Harris Family Was At Ross's Landing During Indian Removal; Fought In Civil War

Thursday, March 29, 2018 - by John Wilson

At the time of the Indian Removal, Dr. Nathan Harris was a surgeon and quartermaster for the troops that were involved. When the Civil War came to Chattanooga, members of the Harris family were caught up in that action as well.

The Harrises were originally from Albemarle County, Va. The Harris family was among the wealthiest in early Albemarle and were neighbors of the Jeffersons. The family was "prominent in county and state affairs and many times members of it represented Albemarle and Nelson counties in the General Assembly. They were and are people of highest social standing."

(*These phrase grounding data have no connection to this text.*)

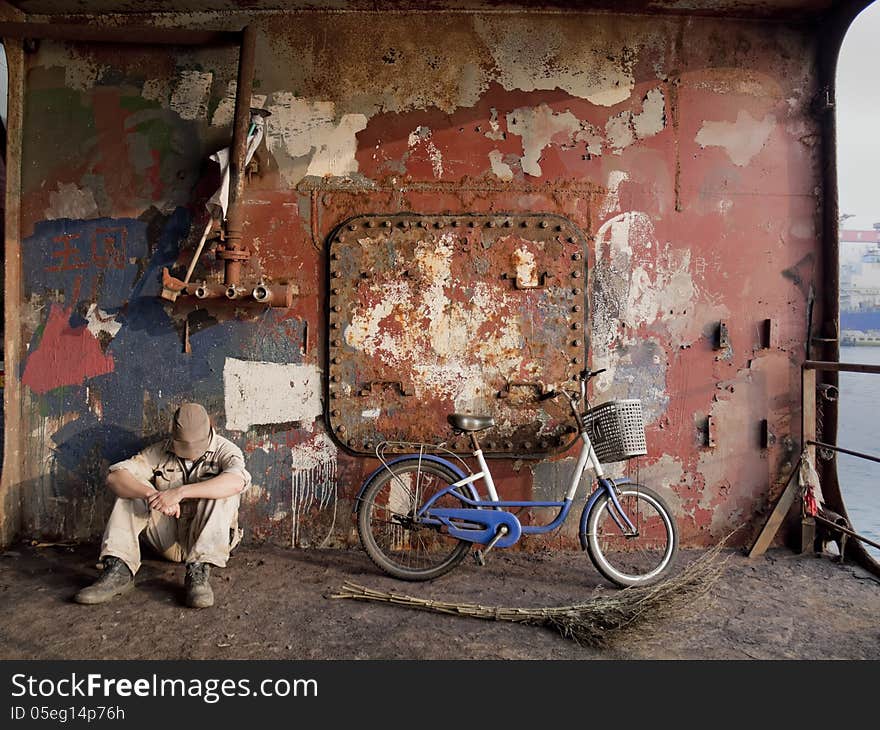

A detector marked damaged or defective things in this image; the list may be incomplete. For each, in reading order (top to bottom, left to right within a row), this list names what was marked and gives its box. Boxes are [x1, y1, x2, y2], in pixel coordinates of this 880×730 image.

rusty steel column [218, 23, 256, 284]
rusty pipe [220, 22, 258, 286]
rusty pipe [253, 282, 298, 308]
peeling paint wall [5, 8, 820, 548]
rusty metal wall [3, 9, 824, 544] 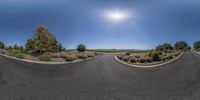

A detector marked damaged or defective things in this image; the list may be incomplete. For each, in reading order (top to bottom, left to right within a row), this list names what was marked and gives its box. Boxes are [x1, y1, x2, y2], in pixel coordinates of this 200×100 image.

crack in asphalt [0, 52, 200, 99] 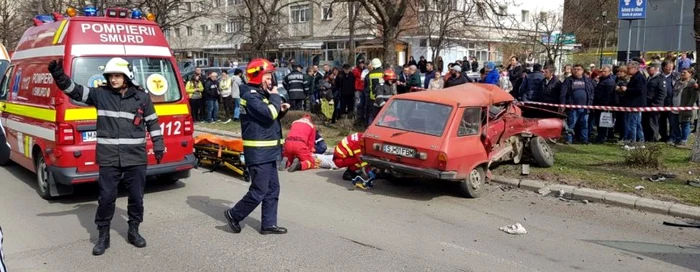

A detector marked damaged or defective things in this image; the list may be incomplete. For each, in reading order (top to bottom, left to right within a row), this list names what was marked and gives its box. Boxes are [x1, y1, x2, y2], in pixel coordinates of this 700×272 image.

severely damaged car [360, 83, 564, 198] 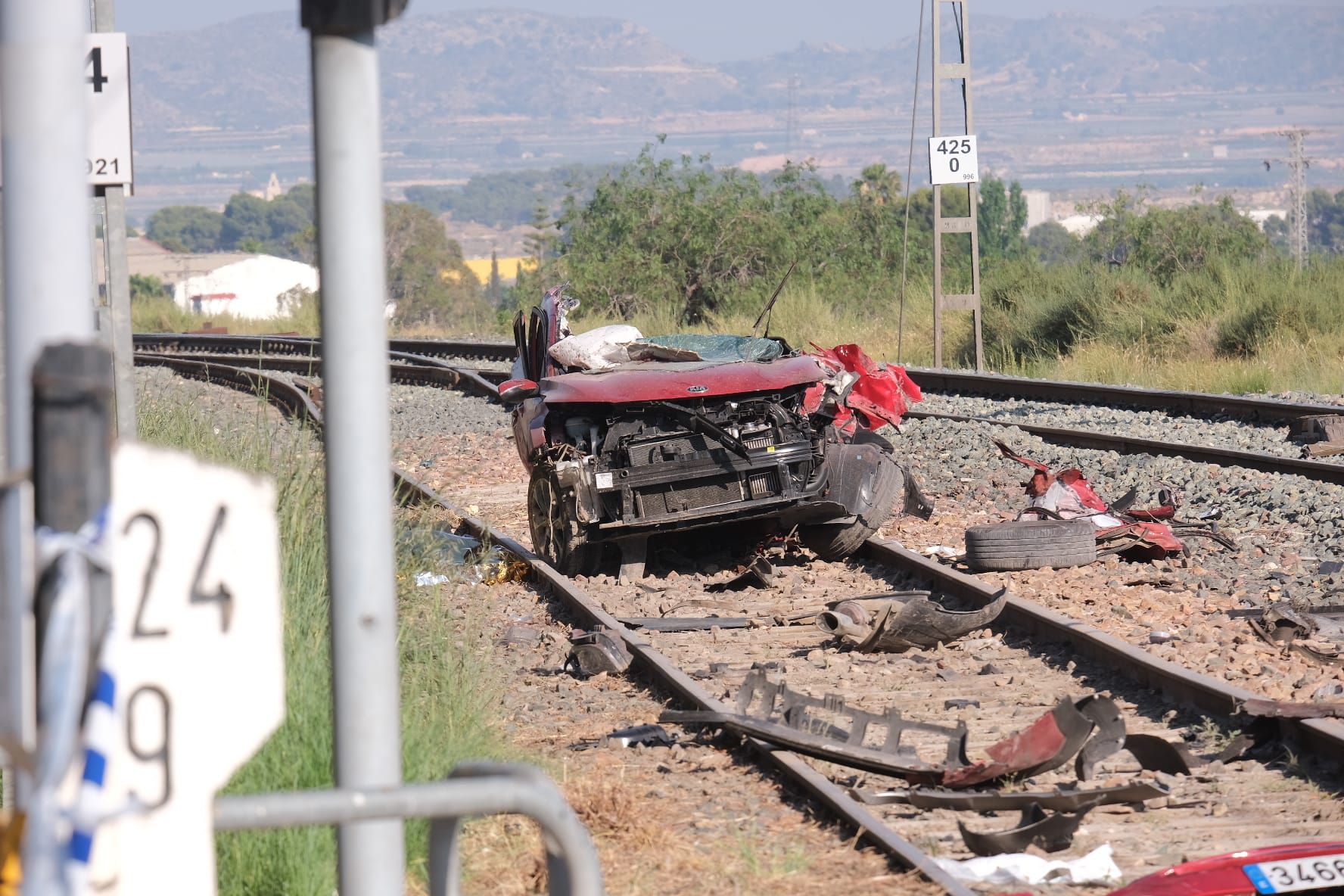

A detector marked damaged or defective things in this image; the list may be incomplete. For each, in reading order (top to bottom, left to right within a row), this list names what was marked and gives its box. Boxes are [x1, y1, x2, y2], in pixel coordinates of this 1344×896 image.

wrecked red car [499, 291, 929, 577]
crushed car body [499, 291, 929, 577]
torn red body panel [806, 341, 924, 430]
detached tire [795, 456, 903, 561]
detached tire [967, 518, 1102, 574]
torn red body panel [994, 437, 1182, 555] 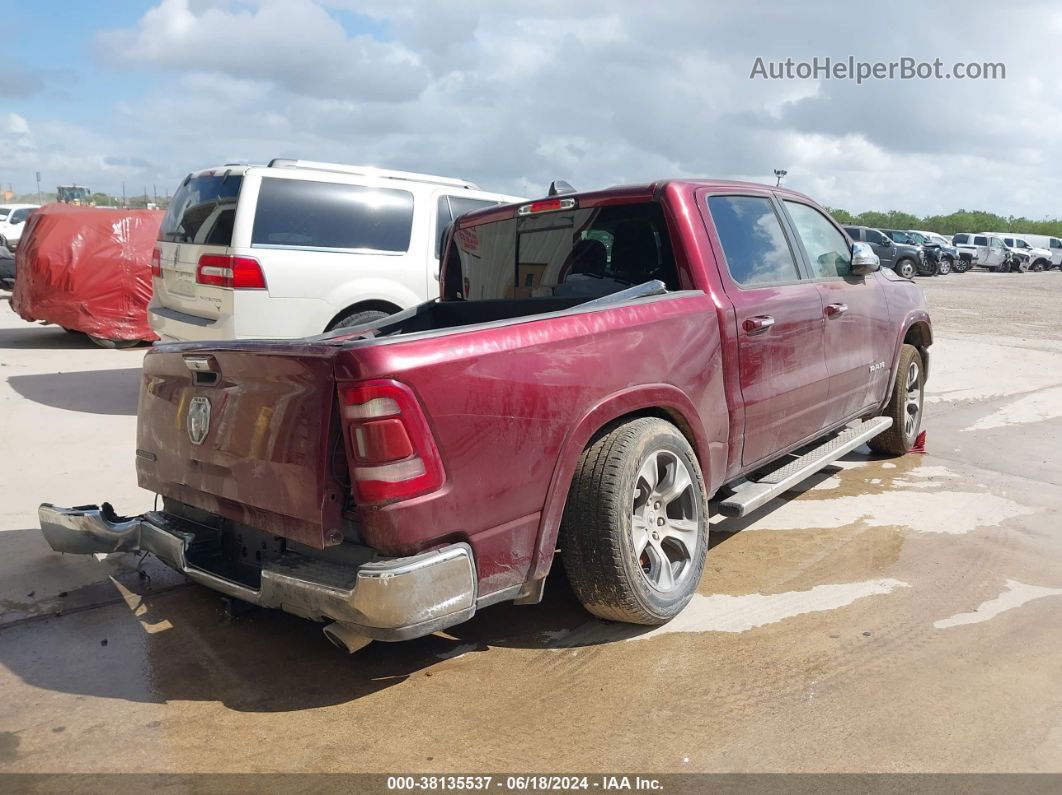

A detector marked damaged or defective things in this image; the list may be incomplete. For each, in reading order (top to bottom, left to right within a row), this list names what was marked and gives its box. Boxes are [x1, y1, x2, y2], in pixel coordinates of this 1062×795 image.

damaged rear bumper [38, 505, 477, 641] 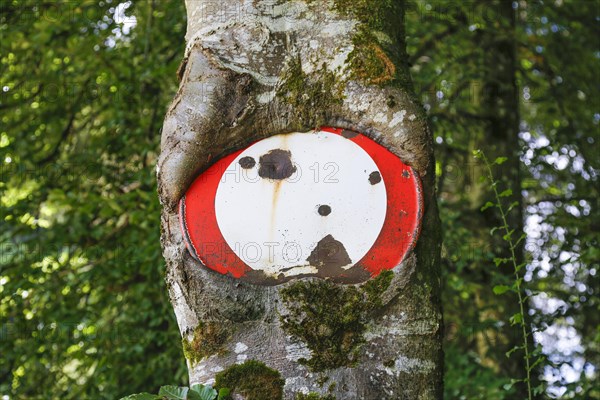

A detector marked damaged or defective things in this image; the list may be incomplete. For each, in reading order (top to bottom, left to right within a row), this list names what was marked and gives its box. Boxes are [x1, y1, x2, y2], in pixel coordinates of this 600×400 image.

dark rust spot [258, 148, 296, 180]
dark rust spot [304, 234, 352, 272] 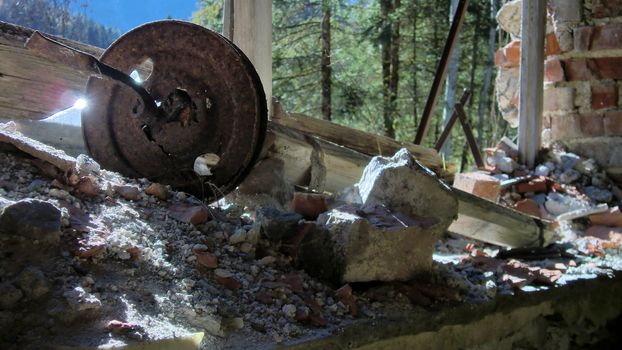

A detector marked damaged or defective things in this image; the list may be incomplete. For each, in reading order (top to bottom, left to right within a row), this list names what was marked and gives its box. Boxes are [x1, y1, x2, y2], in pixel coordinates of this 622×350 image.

rust-covered metal disc [81, 20, 266, 201]
rusted flywheel hub [81, 20, 266, 202]
rusty metal wheel [81, 21, 266, 202]
rusty metal bar [416, 0, 470, 145]
rusty metal bar [436, 89, 470, 151] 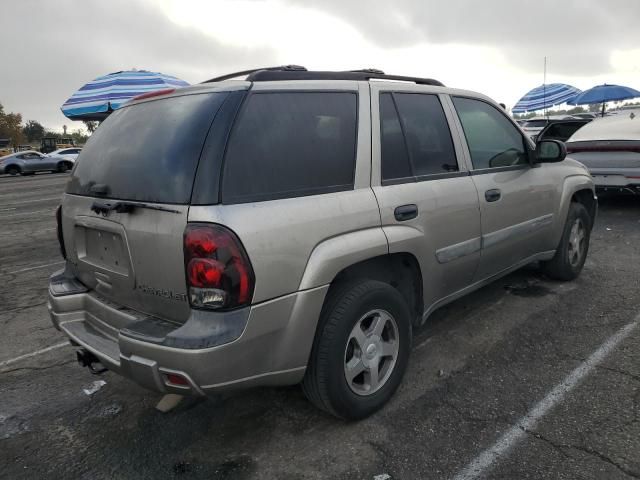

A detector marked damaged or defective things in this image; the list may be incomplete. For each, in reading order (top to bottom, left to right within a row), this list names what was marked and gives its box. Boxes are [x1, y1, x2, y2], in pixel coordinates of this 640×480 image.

cracked pavement [1, 174, 640, 478] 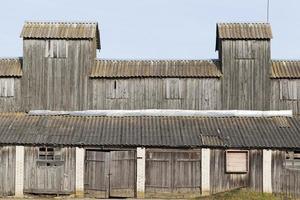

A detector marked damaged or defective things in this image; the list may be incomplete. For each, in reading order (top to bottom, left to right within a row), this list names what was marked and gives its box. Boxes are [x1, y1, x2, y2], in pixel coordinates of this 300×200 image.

rusty metal roof panel [20, 21, 102, 49]
rusted metal sheet [20, 21, 102, 49]
rusty metal roof panel [217, 22, 274, 39]
rusted metal sheet [217, 23, 274, 39]
rusty metal roof panel [0, 57, 22, 77]
rusted metal sheet [0, 58, 22, 77]
rusted metal sheet [90, 59, 221, 77]
rusty metal roof panel [90, 59, 221, 78]
rusty metal roof panel [270, 60, 300, 78]
rusted metal sheet [270, 60, 300, 78]
rusty metal roof panel [0, 114, 298, 148]
rusted metal sheet [0, 112, 300, 148] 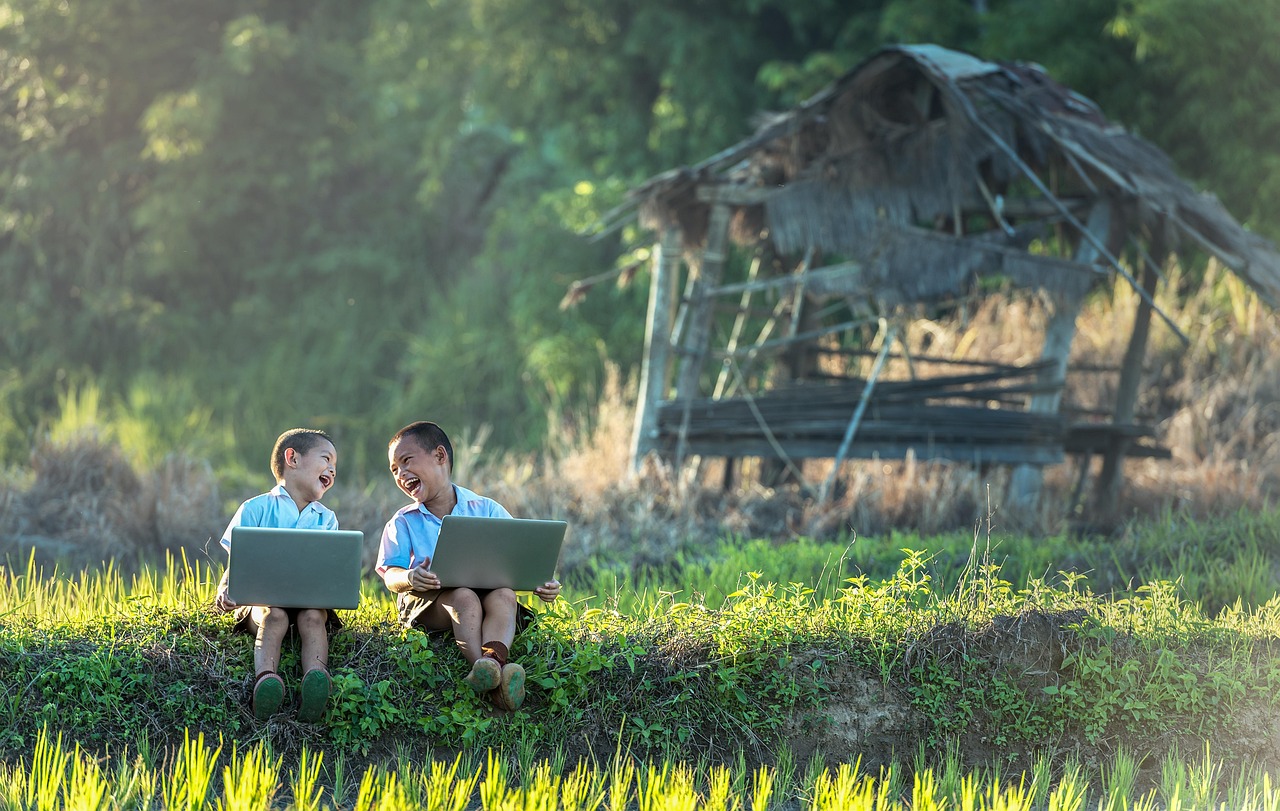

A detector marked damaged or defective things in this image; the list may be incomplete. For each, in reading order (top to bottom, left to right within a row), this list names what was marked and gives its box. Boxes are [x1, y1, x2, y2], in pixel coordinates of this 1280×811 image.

Robert Harris was one of the earliest settlers at Frederickville Parish on Doyle's River, patenting almost 3,000 acres there beginning in the 1740s. His wife was Mourning. Robert Harris in 1762 transferred 521 acres of the Doyle's River property in the Blue Ridge Mountains to his son Robert Jr., and he gave him the slave Joe. He gave the boy slave Johnson and the girl slave Suckey to his son-in-law John Rodes. Robert Harris died in 1765. His other children were Christopher, Tyree, James, William, Lucy who married William Shelton, Sarah who married John Rodes, a daughter who married William Dalton, Mourning who married John Jouette, and Elizabeth who married William Crawford.

William Harris Crawford, who was from Albemarle County and later was a prominent U.S. senator from Georgia, was related to the Harris family that moved to Hamilton County. His parents were Joel and Francis Harris Crawford. William H. Crawford had a brother Nathan Crawford. William H. Crawford served as U.S. minister to France and he was Secretary of the Treasury under President James Monroe.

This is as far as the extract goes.